Acute Topical Application of Tumor Necrosis Factor α Evokes Protein Kinase A-Dependent Responses in Rat Sensory Neurons

Abstract

Local perfusion of the dorsal root ganglion (DRG) with tumor necrosis factor α (TNF-α) in rats induces cutaneous hypersensitivity to mechanical stimuli. Thus we investigated the cellular mechanisms of TNF-α-induced mechanical hyperalgesia. The L4and L5 DRGs with the sciatic nerves attached were excised from rats for in vitro dorsal root microfilament recording. After baseline recording for 15 min, TNF-α (0.001, 0.01, 0.1, or 1 ng/ml) was applied to the DRG for 15 min, followed by washout for at least 30 min. Alternatively, H-89 or Rp-cAMPS, two specific cAMP-dependent protein kinase (PKA) inhibitors, was added to the perfusion solution for 15 min prior to TNF-α application.
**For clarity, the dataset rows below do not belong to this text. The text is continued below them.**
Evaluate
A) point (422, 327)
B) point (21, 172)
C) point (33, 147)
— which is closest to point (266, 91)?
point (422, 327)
TNF-α (1 ng/ml) induced neuronal discharges in 67% (14/21) of C fibers and 27% (4/15) of Aβ fibers when applied topically to the DRG. Acute TNF-α application not only evoked discharges in silent fibers, but also enhanced ongoing activity of spontaneously active fibers and increased neuronal sensitivity to electrical stimulation of the peripheral nerves. H-89 (10 μM) and Rp-cAMPS (100 μM) each completely blocked the TNF-α-evoked response in most C and Aβ fibers tested but did not affect fiber conductivity. Our results demonstrates that exogenous inflammatory cytokines such as TNF-α can elicit a PKA-dependent response in sensory neurons and thus strongly suggest that endogenous TNF-α may contribute to the development of certain pathological pain states.